STEP Global Summit 2025 (India, Delhi) で「岡山県ユネスコスクール高校ネットワーク」の取り組み発表
概要
STEP Global Summit 2025 – Sustainable Thinking for Earth’s Progress
日程: 2025年11月7日(木)~8日(金)
会場: Netaji Subhas University of Technology (NSUT), Delhi, India(ハイブリッド開催)
主催: Save Vibrant Earth Foundation
テーマ: Circular Futures: Innovation for People, Planet & Prosperity
発表内容
パネルセッション「Pedagogies of Sustainability(持続可能性のための教育法)」に登壇し、岡山県ユネスコスクール高校ネットワークの取り組みを紹介。
発表タイトル:
“Co-Creation of Multiple Learning Platforms for ESD: An Experiment in Building Communities of Practice”
本発表では、柴川が博士論文研究で提起した「ESDに求められる変容的学習は、実践共同体への正統的周辺参加の過程に立ち現れる」という仮説に基づき、2015年から約10年にわたり展開してきた岡山ユネスコスクール高校ネットワークの実践を紹介。
主要な論点
- 理論的背景
Lave & Wengerの実践共同体理論(Communities of Practice)における正統的周辺参加(Legitimate Peripheral Participation)の概念を基盤に、ESD実践共同体を意図的に形成するための教育学的デザインを提示。 - 多元的学習プラットフォームの構造
- 岡山県内11のユネスコスクール加盟高校が参加
- 各校が地域固有の課題(中山間地域・都市部・沿岸部など)に取り組む
- 高校生・大学生スタッフ(教職課程生)・現職教員が協働
- 年間を通じた共通テーマ設定とニュースレター共有による継続的な学び
- 教育学的デザイン原理
- 本物の参加(Authentic participation): 模擬ではなく実際の地域課題に取り組む
- 足場かけされた関与(Scaffolded engagement): 観察→参加→リーダーシップへの段階的移行
- 水平的学習(Horizontal learning): 学校間のピアラーニング
- 持続的関与(Sustained engagement): 単発イベントではなく年間を通じた活動
- 教育的成果
- 生徒のアイデンティティ変容(「学習者」から「ESD実践者」へ)
- 教員の専門性向上(初任教員がベテラン教員と協働設計する、同様の実践を通じて交流することによる学び)
- 卒業後も70%以上が継続的にESD活動に関与
- 卒業生が大学生スタッフとして帰還する世代間学習サイクル
- 持続可能性のための教育法への示唆
意図的に設計された実践共同体は、多様な文脈・世代を超えた正統的周辺参加を促進することで、変容的学習を可能にするのではないか。
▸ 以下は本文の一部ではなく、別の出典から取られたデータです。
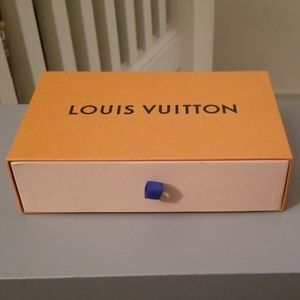 Louis Vuitton gift box wallet accessories scarf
効果的なサステナビリティ教育は、知識伝達ではなく「学習者が実践者へと段階的に移行する参加構造」のデザインにある。
国際的意義
サミットには、世界各国から学術研究者、実務家、政策担当者が参加し、持続可能な開発のための革新的な教育実践が共有された。岡山の取り組みは、RCE(Regional Centre of Expertise on ESD)の国際ネットワークにおけるグッドプラクティスとして位置づけられ、インドをはじめとする各国のRCEとの今後の連携可能性についても議論された。
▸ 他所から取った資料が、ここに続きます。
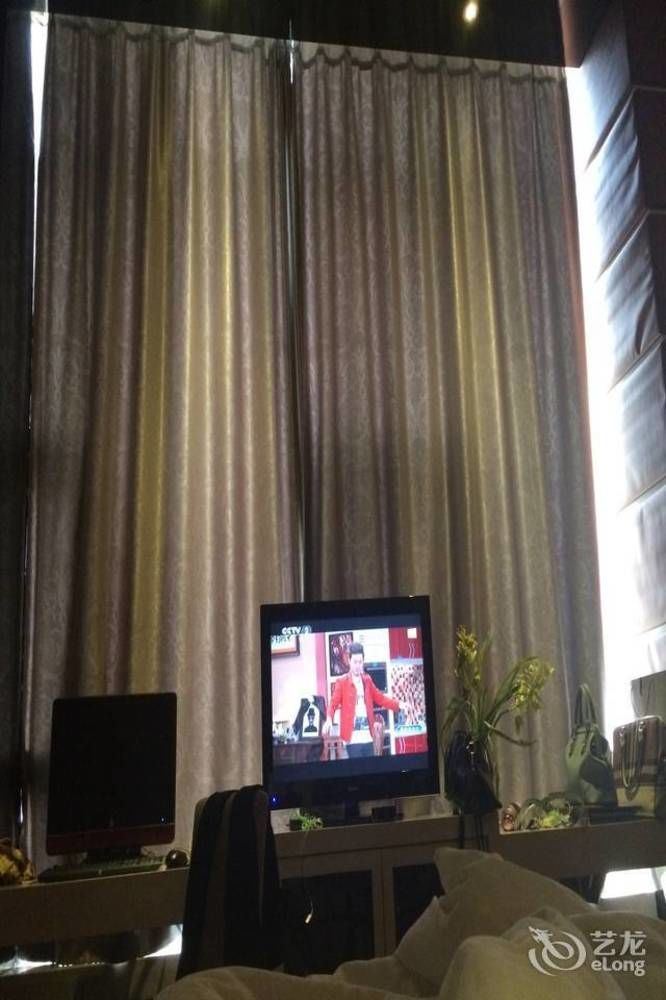 Wuhan New Beacon Jinyinhu International Hotel エクステリア 写真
一方、他の発表者からはサステナビリティが一体何を意味しているのかが未だ明確ではない中、PBL等を通してSDGsの推進活動・児童生徒に目的が強要されることの弊害や懸念も提案されており、興味深い議論が展開されていた。
このような議論に対し、本発表ではBottom-upでの地道な取り組みと、多元的で集合的、かつ長期的な学びが結果として本質的な変容をもたらすことの価値を提案する形となった。
今後の展開
本発表を通じて、持続可能性のための教育アプローチにおける「実践共同体の意図的形成」という視点が共有された。今後、インドや他のアジア諸国のRCEとの協働研究や教員交流プログラムの可能性について、具体的な議論を進めていく予定である。